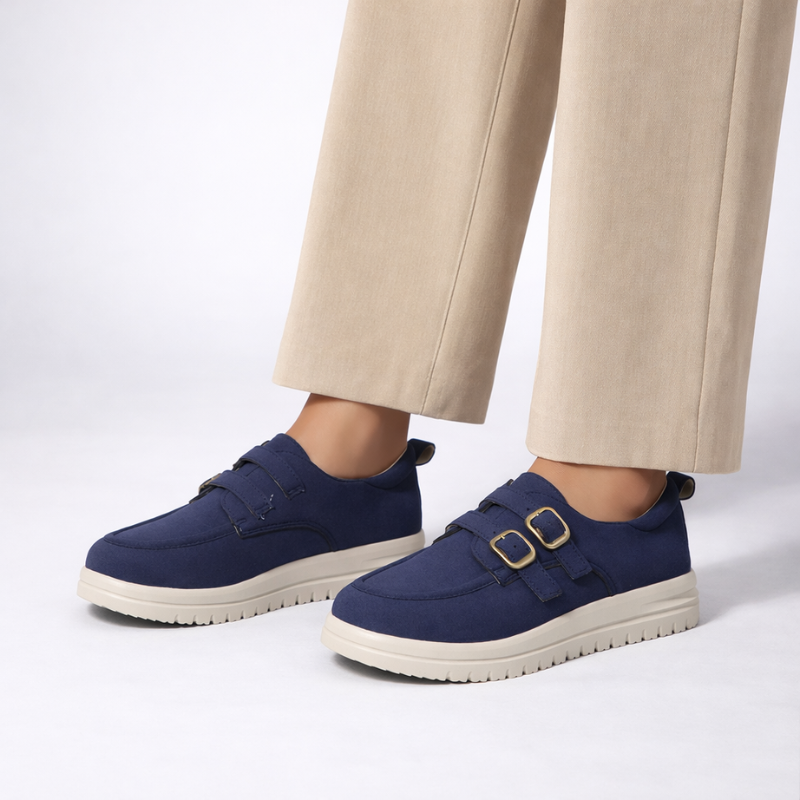 Women's white loafers detail view — versatile — Edith Slip-On Loafers — Oscar Blackwood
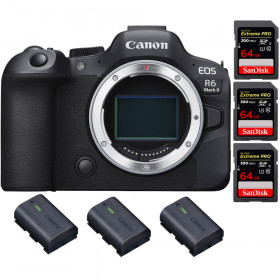 Canon EOS R6 Mark II + 3 SanDisk 64GB Extreme PRO UHS-II 300 MB/s + 3 Canon LP-E6NH - Appareil hybride Plein Format-1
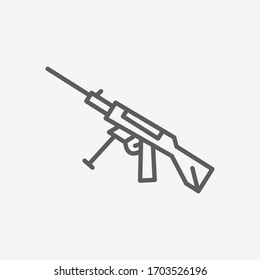 Símbolo de línea de icono de ametralladora. Ilustración vectorial aislada del concepto de signo de icono para el diseño de la interfaz de usuario del logotipo de la aplicación móvil del sitio web.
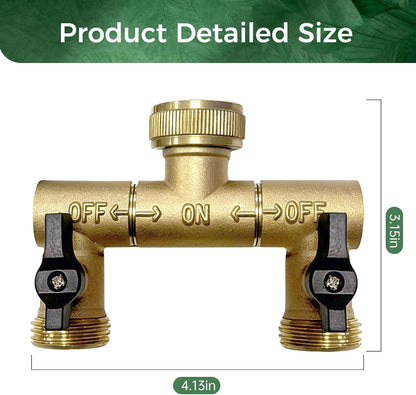 Garden Irrigation 2-Way Brass Splitter - Solid Brass Full Flow 3/4 Inch Dual Outlet Valve with Black Knobs, Freeze & Rust Resistant
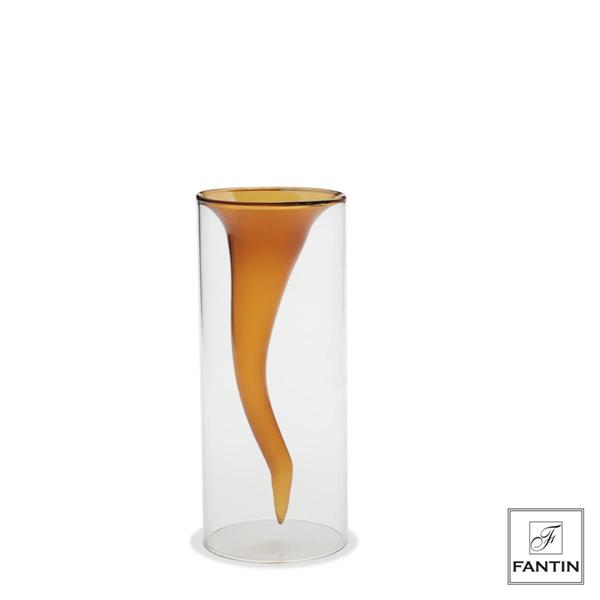 VASO VETRO CORNO AMBRA CM. Ø12,5XH30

###

## Exercise requirements
From the data above, write out everything exactly except the pictures.

## Exercise output
 Women's white loafers detail view — versatile — Edith Slip-On Loafers — Oscar Blackwood
 Canon EOS R6 Mark II + 3 SanDisk 64GB Extreme PRO UHS-II 300 MB/s + 3 Canon LP-E6NH - Appareil hybride Plein Format-1
 Símbolo de línea de icono de ametralladora. Ilustración vectorial aislada del concepto de signo de icono para el diseño de la interfaz de usuario del logotipo de la aplicación móvil del sitio web.
 Garden Irrigation 2-Way Brass Splitter - Solid Brass Full Flow 3/4 Inch Dual Outlet Valve with Black Knobs, Freeze & Rust Resistant
 VASO VETRO CORNO AMBRA CM. Ø12,5XH30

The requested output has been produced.